Action needed to improve flood defences - MP

BBC Flood water reaches houses and businesses in the streets of Tenbury Wells, with every road submerged in muddy water.BBC
Tenbury Wells was hit by widespread flooding during Storm Bert

The government has been urged to take action on flood defences following the widespread flooding cause by Storm Bert.

Labour's Environment Secretary Steve Reed said last week the Conservatives left defences “in their worst condition on record” and his party was investing £2.4bn over two years to upgrade defences.

But Liberal Democrat MP Cameron Thomas told BBC Politics Midlands it was a nationally strategic issue and urged the government to “grab it by the horns”.

While Bromsgrove’s Tory MP Bradley Thomas said there had been a rise in severe weather events and defended the previous government’s work.

Last month's storms saw severe floods across the West Midlands in particular in Tenbury Wells, Worcestershire, after a wall collapsed.

Schools and roads in Herefordshire, Worcestershire and Shropshire were closed by the flooding following the downpours.

Rail services were also cancelled between Shrewsbury and Wales and the line to Birmingham was blocked.

Flood defence protect houses next to the River Severn in Bewdley with high walls and railings on one side of the water. Trees can be seen on the right with some of their trunks underwater at the bottom.
Conservative MP Bradley Thomas said the Tories delivered flood defences in Bewdley, Worcestershire (archive image)

The Conservative MP said his colleague, Dame Harriett Baldwin, the MP for West Worcestershire, had secured £7.5m over the years for a flood defence scheme in Tenbury which was on the cusp of being delivered - and the previous government had delivered on defences in Bewdley.

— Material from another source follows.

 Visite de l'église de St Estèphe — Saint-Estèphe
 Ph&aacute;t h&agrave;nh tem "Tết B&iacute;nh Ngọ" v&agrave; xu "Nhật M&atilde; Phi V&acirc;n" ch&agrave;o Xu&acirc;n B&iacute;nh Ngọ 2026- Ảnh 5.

He added the Tory administration at the time had also pledged £5.4bn for 2021-27 for flood defences and it was not clear whether funding announced by Mr Reed was part of that.

Criticising housebuilding targets set by Labour, the former Wychavon council leader said: “They’ve increased our housing allocation by 82% whilst dropping the Birmingham one by 20%. That risks exacerbating rural flooding even further.”

Flood plain risks

But Labour’s MP for Stourbridge, Cat Eccles, told the BBC: “It’s great that they had all that funding for flooding, but why wasn’t anything done? They had 14 years to do so.”

On planning, she said: “We need to be looking at when we’re redeveloping that national planning framework that we are considering flood plain risks and where we’re concreting over and taking trees out.

“Ultimately, these are the things that absorb the water – trees, ground, grass – and just being a bit more mindful about how we do planning in the future, while also meeting the housing targets.”

Speaking on Politics Midlands, the Lib Dem Tewkesbury MP said two rivers - the Severn and Avon – bordered his constituency and Tewkesbury regularly flooded as well as other parishes.

He said one issue in Tewkesbury was tributaries combining which made flooding worse, which could also be affected by the use of defences upstream.

“We are really desperate for a nationally strategic flooding review,” he said.

“This is a far more nationally strategic issue and it needs this current government now to grab it by the horns.”